• _Data section_
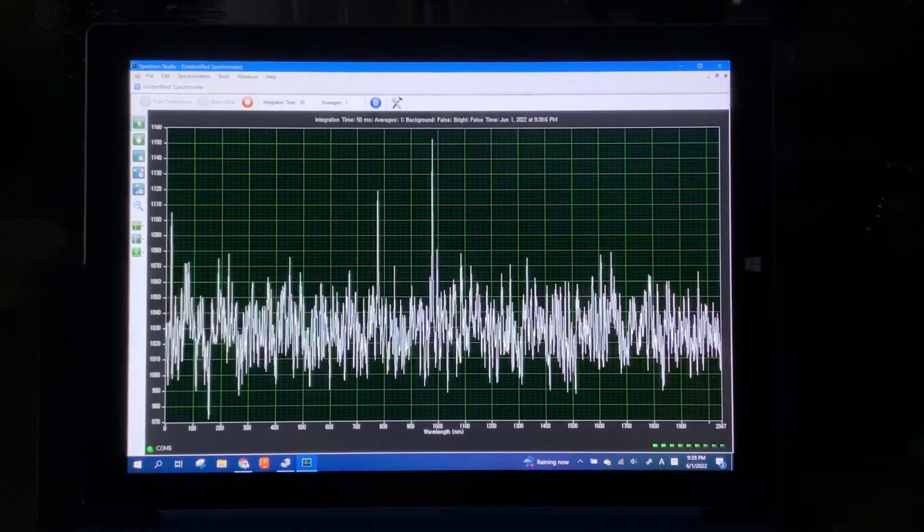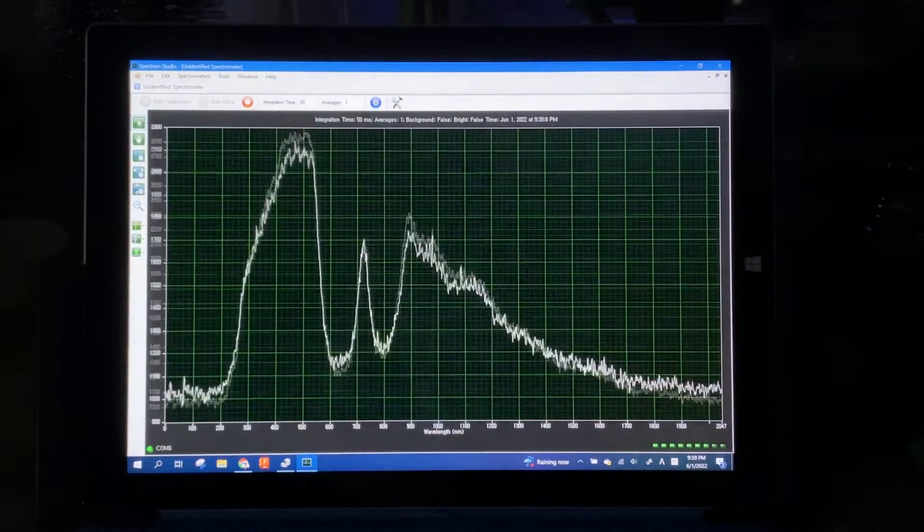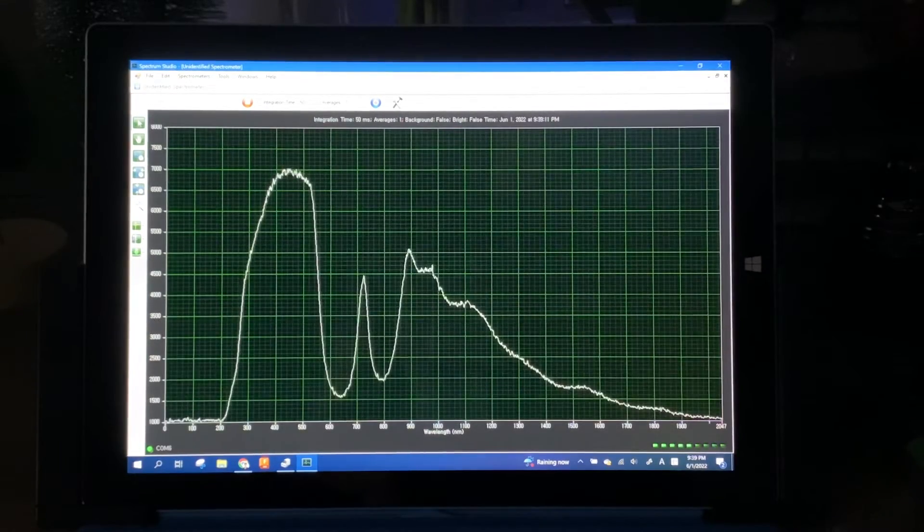This is the spectrum of a UV flashlight, and it has a peak of about 400 nanometers, which is about right.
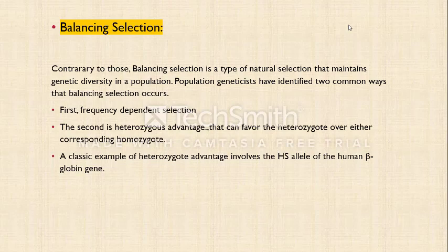There are two additional selection criteria. The first is balancing selection, which — contrary to natural selection — maintains genetic diversity in the population. Balancing selection operates on two principles: frequency-dependent selection, meaning fitness depends on the frequency of individuals, and heterozygous advantage, where the environment favors heterozygotes over either corresponding homozygote. A classic example of heterozygous advantage involves the HbS allele of the human beta-globin gene.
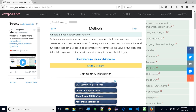What is lambda expression in Java 8? A lambda expression is an anonymous function that you can use to create delegates or expression tree types. By using lambda expressions, you can write local functions that can be passed as arguments or returned as the value of function calls. A lambda expression is the most convenient way to create that delegate.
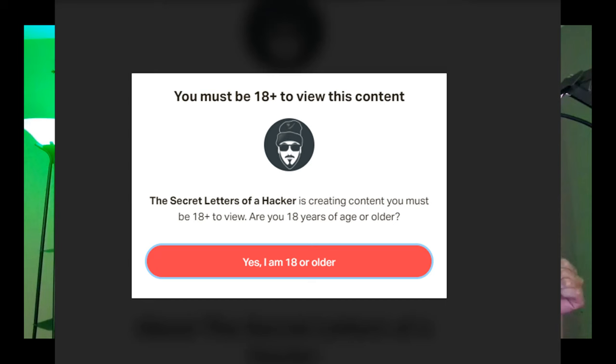This is YouTube and we need to follow their terms of service and keep this strictly PG and educational. You can also see the full breakdown, exploit, and script over on Patreon if you're curious.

• _Required action_
Starting at the first line of the listing above, write out each line exactly and nothing else until you reach the line containing "There are two", which is included as well; omit all pictures.

• _Response box_
This is the spectrum of a UV flashlight, and it has a peak of about 400 nanometers, which is about right.
There are two additional selection criteria. The first is balancing selection, which — contrary to natural selection — maintains genetic diversity in the population. Balancing selection operates on two principles: frequency-dependent selection, meaning fitness depends on the frequency of individuals, and heterozygous advantage, where the environment favors heterozygotes over either corresponding homozygote. A classic example of heterozygous advantage involves the HbS allele of the human beta-globin gene.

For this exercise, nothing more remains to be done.